Ms. 22J went on the staying-in-Washington transport buggy, and so did I. My bags of course went off to the mid-field customs hall to await me and my connection to O'Hare.
At the main terminal baggage carousel, Ms. 22J's bags arrived swiftly. Mine of course did not. She waited long enough for me to mumble that mine must be lost and I would have to report that to the United desk. And then - then! - she offered her telephone number and said she'd enjoy talking again.
She departed. I sheepishly went to the United desk and confessed I was in the wrong hall. (And two-plus hours later was reunited with my checked bag.)
At our wedding, I held up the UA boarding pass with the handwritten '22H' and told our friends and families how grateful I was to United.
We celebrate the seventh anniversary of our on-board meeting on November 21st and our fifth wedding anniversary in April.
Programs: UA LT GS 4.07MM (4.02MM BIS), AA EXP 1.5MM (BIS) , HH Diamond, SPG Platinum
Originally Posted by MPsince1984
Despite the last response post (sounds a bit like the sour gate agent I ran into at ORD) that's exactly the kind of post that makes FT interesting enough for me to invest my time and energy into this web site, regardless of which wrong category it might be posted in.
Serious congratulations to you two!
Apologies to the rest of you for my own inappropriate contributions of the same nature.
Agree!! Congrats to both of you.
Last edited by l'etoile; Nov 8, 11 at 12:20 am.

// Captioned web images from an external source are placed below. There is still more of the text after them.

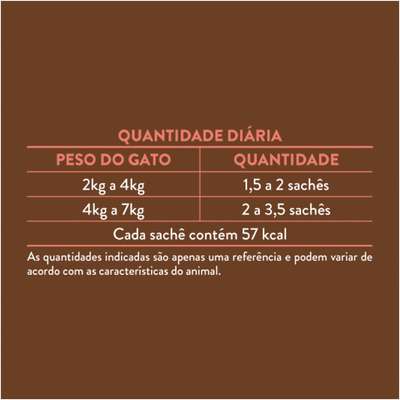 Ração Úmida Quatree Supreme Frango para Gatos Castrados 85g - Imagem 3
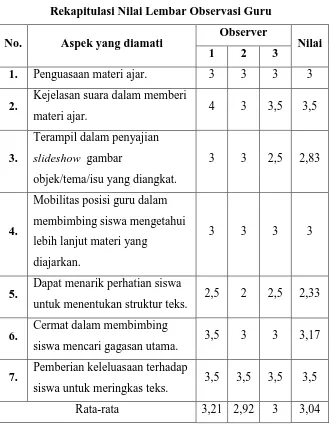 Tabel 4.2 Rekapitulasi Nilai Lembar Observasi Guru 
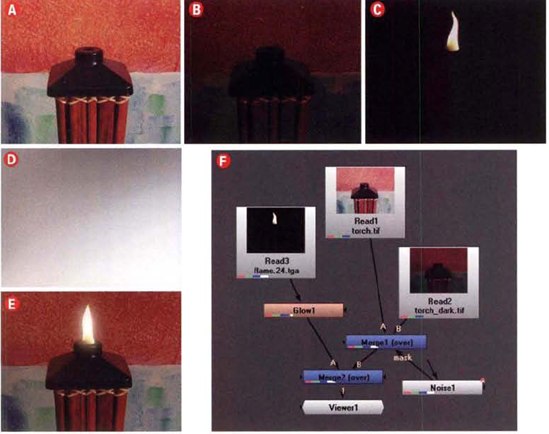 (A) Properly-exposed plate of a torch and wall (B) Underexposed version of plate (C) Flame element (D) Soft fractal pattern created by Noise node (E) Final composite (F) Node network. To see the flickering effect of the Noise node, open and play back the noise_flicker.nk script from the Tutorials folder on the DVD.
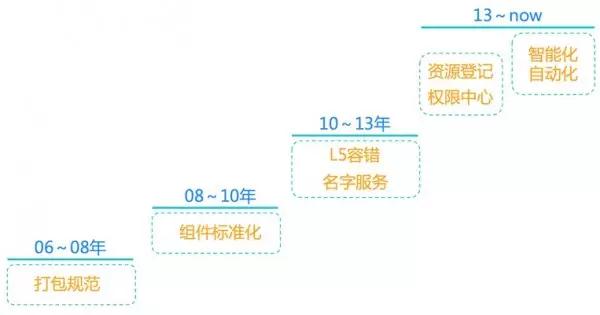 腾讯运维10年，我斩获了这5把“杀手锏”插图(14)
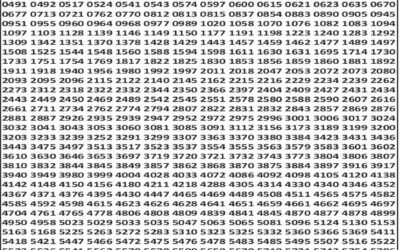 Punjab State Dear 50 Lottery 6pm Result 19.01.26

Reason: removed comments no longer relevant since now a thread of its own
I boarded relatively early for the 8am SFO - EWR, and then saw this gorgeous woman walking down the aisle towards my row and the empty seat next to me. But no such luck, she sat in the aisle seat directly in front of me, not the middle next to me.

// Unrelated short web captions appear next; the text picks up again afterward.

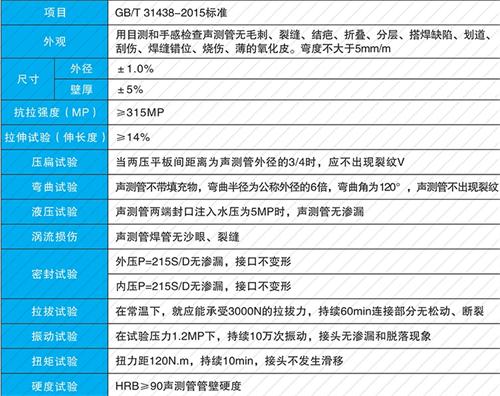 仓山法兰式声测管现货性能特点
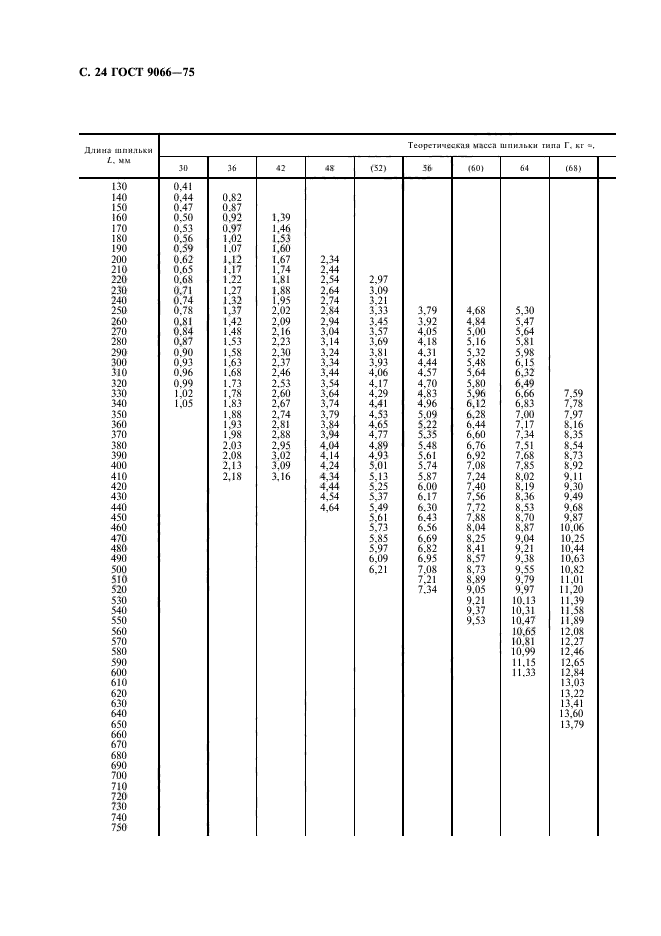 ГОСТ 9066-75,  25.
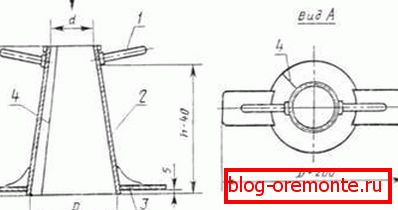 In the photo - the cone scheme In the photo - the cone scheme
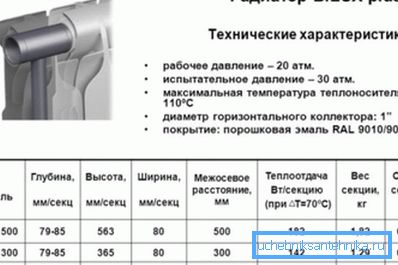Příklad tepelného výkonu bimetalického modelu Příklad tepelného výkonu bimetalického modelu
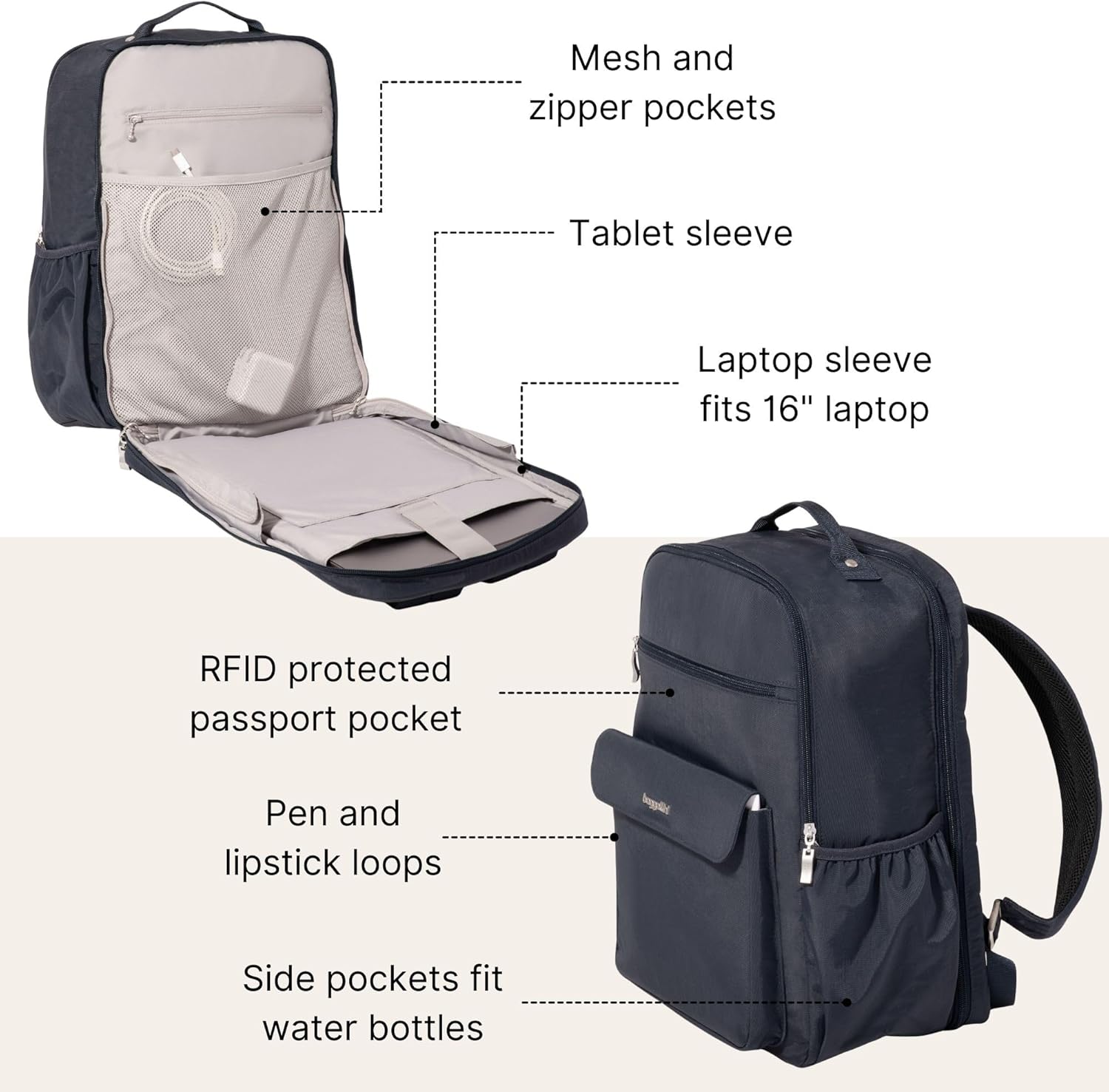 Baggallini Everyday Laptop Backpack - 11x15.5 Lightweight Water-Repellent Nylon Travel Bag w/Padded Laptop Sleeve & RFID - Image 3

I started working on my notebook PC and asked her politely not to recline her seat without warning me, so I could move my PC. Also was able to return her pen a couple of times, as she kept dropping it under her seat.
When the movie ended, we both had to stand up to let those inside of us get out and back to the bathroom (single aisle 757). I started talking to her, and managed to acquire her name and business card before the other folks came back and we sat down again.
That night, the colleague I was traveling with had to listen to me rave about the incredible woman I met on the plane for about 2 hours as we ate dinner.
We went out for the first time about a week later after we were both back in San Francisco, and got married 18 months later. That was 12 years ago, and we are taking our next United flight with our kids next week (but to Lihue instead of Newark, a definite upgrade).
To this day, my colleague from that business trip refers to my wife as "plane girl".
Location: What I write is my opinion alone..don't read into it anything not written.
Co-worker/friend (UA CSR) flying NRSA was asked on a relativly empty flight which of the remaining seats he would like. He pointed to a girl in the gate room (she turned out to be a UA flight attendant not in uniform also flying NRSA) and said "I wanna sit next to HER!!"
They were married about a year later...and 3 years after that, had one of the nastiest divorces I have seen. One of the few good things about it is I became friends with her thru him, and she still remains a friend of mine (and he does as well) so I was the collateral beneficiary of their "unhapily ever after" by becoing close with both of them. Separatly, they are great people, but together, they have very conflicting values.
Glad that some of you have found lasting love on our planes and hope none of you wind up like my friends.